It is important to understand, from a physical perspective, which processes and subsystems a specific request or message will propagate through on Windows. If you notice that a request or message is bouncing from process to process (or across a server) while its being processed, the application will need further scrutiny from a performance and scalability perspective. The best case scenario is to keep a unit of work within the same process that it started. This is often an impractical goal, but any reconciliation of process hops and minimization of network hops is good for overall performance and response time latency.

With the IIS 6.0 re-architecture, some of the IIS programming interfaces behave a little differently, and the core (base) native code API for IIS is augmented with new performance APIs and features.

ExecuteURL

Normally, an HTTP redirect is accomplished when a server responds to a clients request for a resource, with an HTTP 302 response containing the new location of the resource. The client application then does a new HTTP request to access the content (sometimes on the same server).

The ExecuteURL (HSE_REQ_EXEC_URL) ServerSupportFunction now allows an ISAPI extension to easily redirect a request to another URL. It answers growing demand by ISAPI extension developers to chain together requests of different types. From a performance perspective, it is very useful, because an application can achieve redirection of a request to a new piece of content without the additional network hop, and associated latency, of delegating a redirection to the client browser or rich client application. ExecuteURL also provides functionality to replace almost all ISAPI read raw data filters.

Important

If your applications require read raw data filters, your server must be running in IIS 5.0 isolation mode.

Note that the most common scenario for developing read raw data filters is the need to examine or modify the request entity body before the target URL processes it. Currently, the only way to see the entity body of a request (if you are not the target URL) is through read raw data notifications. Unfortunately, writing an ISAPI filter to accomplish this goal can be exceedingly difficult, or even impossible in some configurations. ISAPI extensions, on the other hand, provide functionality for easy retrieval and manipulation of the entity body. ExecuteURL allows an ISAPI extension to process the request entity body and pass it to a child request, meeting the needs of nearly all read raw data filter developers.

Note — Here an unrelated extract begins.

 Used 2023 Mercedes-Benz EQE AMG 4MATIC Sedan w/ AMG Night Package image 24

Generally speaking, a great deal of care needs to taken when writing ISAPI filters, because the filters are totally synchronous and the code in an ISAPI filter executes on a core IIS thread. For operations that are going to involve blocking or calling off into other computers (network latency), ISAPI filters can cause problems. Therefore, when ExecuteURL is used in combination with the wildcard ScriptMap API/feature, a developer has enough programming environment infrastructure to replace the majority of ISAPI filters with ISAPI extensions.

Wildcard Application Map

What is an application map?

When IIS receives a request from a client, the Web server looks at the extension of the file that is named in the request to determine which ISAPI or Common Gateway Interface (CGI) application handles that file. By using wildcard application maps, you can intercept every request before the requested page is sent to its mapped application. The effect is like having an application mapping that handles every file name extension. This is why the term wildcard is used to name this feature. Applications using wildcard application mappping can only be ISAPI applications, which is an advantage because they can have their own thread pool, work asynchronously, and have full access to entity bodies (important when processing HTTP POST as part of a Web Service).

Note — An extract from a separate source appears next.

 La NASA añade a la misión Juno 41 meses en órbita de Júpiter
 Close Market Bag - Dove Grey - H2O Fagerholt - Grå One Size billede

With IIS 6.0, it is possible to specify one (or more) wildcard (*) application maps. As implied, these wildcard application maps get executed for every extension or request coming in to a site or virtual directory. Therefore, these wildcard application maps start to take on the behavior of an ISAPI filter; they get to see every request. Combined with the ExecuteURL function, they can perform some logic to determine what should be done with the request, and then optionally call in to other types of content.

The IIS 6.0 configuration file (%SYSTEMROOT%\system32\inetsrv\metabase.xml) contains a section entitled ScriptMaps. This section explains the application mapping of extensions (.aspx, .asp, .shtm, etc.) to physical components for request types. The ScriptMaps section under the /LM/W3SVC node of the metabase is the parent configuration, that is, all sites virtual directories inherit from it if they do not override a value at their level.

To configure a wildcard application map, please see Installing Wildcard Application Mappings in the IIS 6.0 Help.

VectorSend

ISAPI developers have only two options if a response is contained in multiple buffers. They can either call the ISAPI WriteClient() API multiple times, or they can assemble the response in one big buffer and send that response completely. The first approach is a performance bottleneck, because there is one kernel-mode transition per buffer and potential network latency. The second approach affects scalability, in that it puts more contention on the process heap and is wasteful in terms of memory and CPU cycles. For example, if you had to assemble a 64K response from multiple response parts, to allocate the target memory block, the heap would have to search for a 64K contiguous block for your program (possibly involving an extension of the program heap in the process) and you would have to expend the CPU cycles to copy 64K worth of data into the newly-allocated memory chunk. The VectorSend (HSE_REQ_VECTOR_SEND) ServerSupportFunction in IIS 6.0 provides a solution to this problem.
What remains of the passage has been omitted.